The Respondent is Privacy Protection, Russian Federation / Anton Kormishenkov, Russian Federation.
2. The Domain Name and Registrar
The disputed domain name <kulula.site> is registered with Registrar of Domain Names REG.RU LLC (the “Registrar”).
3. Procedural History
The Complaint was filed in English with the WIPO Arbitration and Mediation Center (the “Center”) on June 26, 2019. On June 26, 2019, the Center transmitted by email to the Registrar a request for registrar verification in connection with the disputed domain name. On June 28, 2019, the Registrar transmitted by email to the Center its verification response disclosing registrant and contact information for the disputed domain name which differed from the named Respondent and contact information in the Complaint. The Center sent an email communication to the Complainant on July 4, 2019 providing the registrant and contact information disclosed by the Registrar, and inviting the Complainant to submit an amendment to the Complaint. The Complainant filed an amended Complaint on July 9, 2019. On the same date, the Center sent an email to the Parties in English and Russian regarding the language of the proceedings. On July 9, 2019, the Complainant confirmed its request that English be the language of the proceedings.

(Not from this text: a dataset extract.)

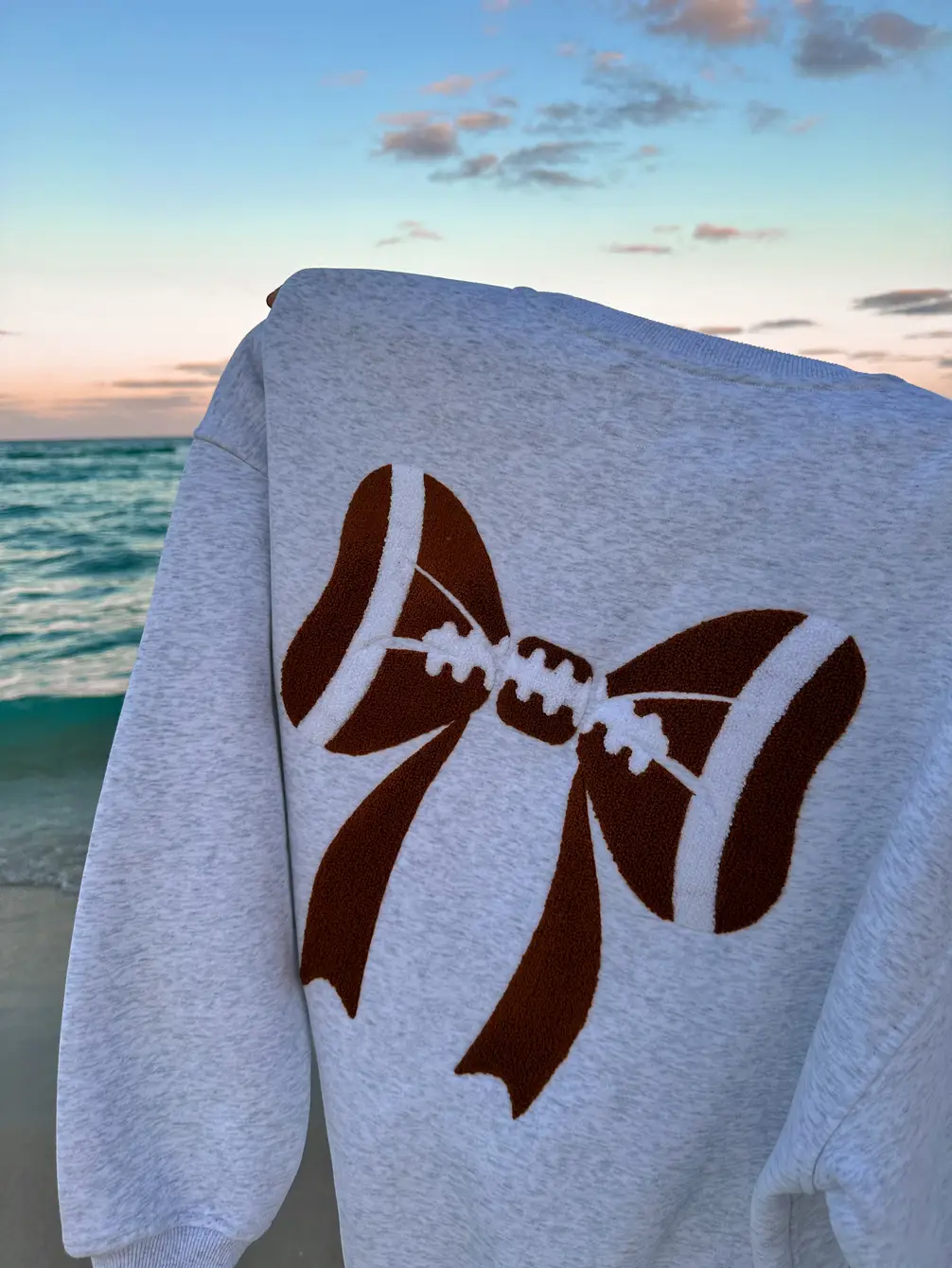 Pearl Grey Football Bows Game Day Embroider Sweatshirt - Image 3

The Center verified that the Complaint together with the amended Complaint satisfied the formal requirements of the Uniform Domain Name Dispute Resolution Policy (the “Policy” or “UDRP”), the Rules for Uniform Domain Name Dispute Resolution Policy (the “Rules”), and the WIPO Supplemental Rules for Uniform Domain Name Dispute Resolution Policy (the “Supplemental Rules”).
In accordance with the Rules, paragraphs 2 and 4, the Center formally notified the Respondent of the Complaint, in both English and Russian and the proceedings commenced on July 15, 2019. In accordance with the Rules, paragraph 5, the due date for Response was August 4, 2019. No formal Response was filed with the Center. Several brief emails from the Respondent were received during the proceedings. On August 8, 2019, the Center informed the Parties of the Commencement of Panel Appointment.
The Center appointed Taras Kyslyy as the sole panelist in this matter on August 21, 2019. The Panel finds that it was properly constituted. The Panel has submitted the Statement of Acceptance and Declaration of Impartiality and Independence, as required by the Center to ensure compliance with the Rules, paragraph 7.
4. Factual Background
The Complainant is a company of South Africa and has been operating an airline services business for about 70 years. In 1998, it became publicly listed on the Johannesburg Stock Exchange. In 2001, the Complainant launched South Africa’s first low-fare air carrier under the brand name “Kulula”. Under that name, it has been operating flights within South Africa and to several international destinations since that date. The business has expanded to include other services including car hire services, financial services such as a credit card, and accommodation booking services.
The Complainant registered the domain name <kulula.com> in 2001. It is the primary portal for conducting its “Kulula” business. The Complainant has also registered a number of other domain names based on “Kulula”.
The Complaint owns a number of trademark registrations for KULULA in various counties, including in South Africa filed on June 14, 2001 and granted on June 27, 2005 (Registration No. 2001/10306). In addition to the registered trademarks, it claims common law rights in and to the trademark KULULA since 2001.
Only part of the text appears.